Konya'da düğünler genellikle sonbaharın ilk ayı olan eylül ayında, harman kalktıktan sonra, fazla kış gelmeden yapılır. Meydan aşçılarının bin kişiden on bin kişiye kadar iki günde hazırladığı yüzyılların oluşturduğu ve günümüze getirdiği sıralı düğün yemekleri de bu ayda nefistir. Bu yemeklere rastlayan herkes gidip davetli davetsiz katılabilir. Onar kişilik hazırlanan sofralardan birine oturup düğün yemeklerinin tadına bakabilirler. Düğün yemekleri yapılırken aşçıbaşı eti bir gün önceden kazanda pişirmeye başlar ve o akşam et suyuna tirit yaparak aileye gönderir, bahşiş alır. Yıllarca önce bir sonbaharda Konya'da konuğum olan yemek yazarı Charles Perry, düğün yemeklerinin her aşamasını izledi ve et suyu ile yapılan tiridi çok sevdi, çünkü üstünde Konya'nın yerli soğanları, domatesleri, kıl biberleri, maydanozu etsiz tiridi muhteşem kılıyordu.
Tandıra sarkıtılarak yapılan Konya'nın ünlü çebici için de eylül ayı en uygun zamandır. Fazla yaşlanan kuzular diğer zamanlarda bu aydaki lezzeti vermez.
Konya böyle ama genel olarak yurdumuzun hemen hemen her tarafında yaz sebze ve meyveleri için aynı şey söylenebilir. Sonbaharın başı yaz sebze ve meyvelerinin en güzel olduğu dönemdir.

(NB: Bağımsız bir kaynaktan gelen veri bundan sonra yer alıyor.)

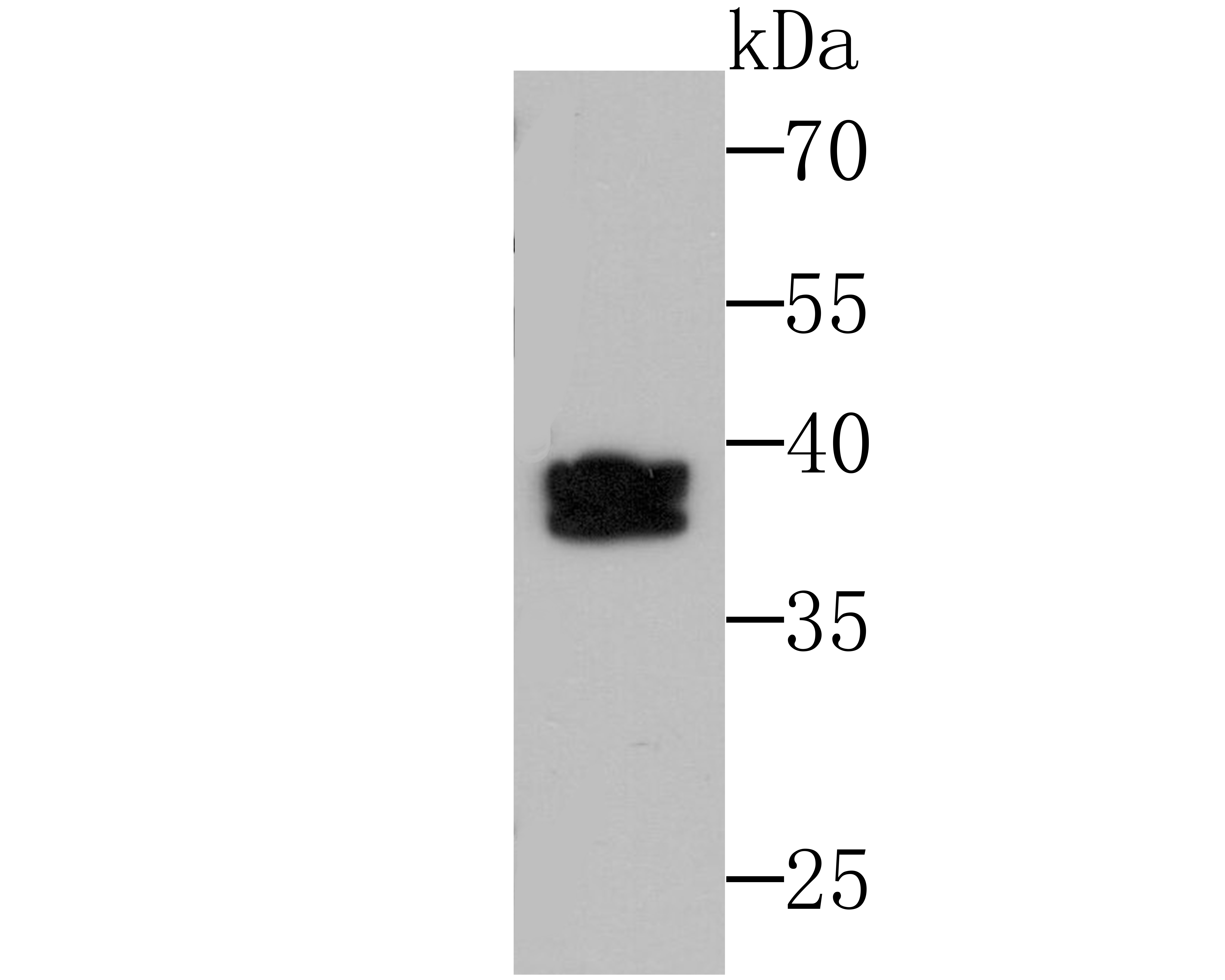 Anti-SET Antibody (3V307)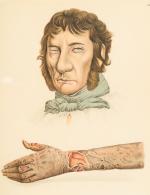 Goldschmid – Entwicklung und Bibliographie der Pathologisch-Anatomischen Abbildung.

Yine bir sonbaharda Konya'ya gelen Jill Norman kilo aldığını fark etti ve "Ben gidince bu kiloları vereceğim ama, Türk kadınlarının kilolarını çok iyi anlıyorum, bu yemeklerle sizin işiniz kolay değil." demişti.
Sevgili okuyucularım, bu mevsimde sebze ve meyveleri fazlaca kullanalım ve vücudumuzu temizleyerek kışa hazırlayalım. Ama kışa da haksızlık etmeyelim. Her türlü güzelim kış sebzeleri bize hazırlanıyor. Önemli olan yazın yaz, kışın kış sebzelerini tüketmek sera ürünlerine fazla iltifat etmemek. Bu hafta yumurtalı kabak yapalım. Ağız tadıyla kalın.
Yumurtalı kabak
4 kişilik
Pişme süresi: 25-30 dakika
½ kg Konya'nın kara kabağı veya bir kabak (kuşbaşı veya halka doğranmış), 2 yemek kaşığı sadeyağ, 1 baş soğan (yemeklik kıyılmış), 1 tatlı kaşığı domates salçası, 2 yumurta, 2 domates (kabuk ve çekirdekleri alınmış, doğranmış), ¼ su bardağı su, 1 çay kaşığı kırmızıbiber, Yeterince tuz
Yapılışı: Yağla soğanı pembeleştir. Salçayı ilave et çevir. Yumurtaları kır, katılaştır. Katılaşırken parçalamadan sarılarıyla aklarını karıştır. Sonra, kabakları üzerine yay. Domatesleri koy, suyu, biberi, tuzu ilave et. Kapak ört, çok hafif ateşte yemek pişip yağına inince, sahanı çevirerek yumurtaları üste getir. Sıcak olarak sofraya çıkar.
Not: Yumurtaları çevirmek zor olabilir. Kolay yol, yemek pişince yumurtaları üzerine kırıp da katılaşana kadar pişirebilirsiniz.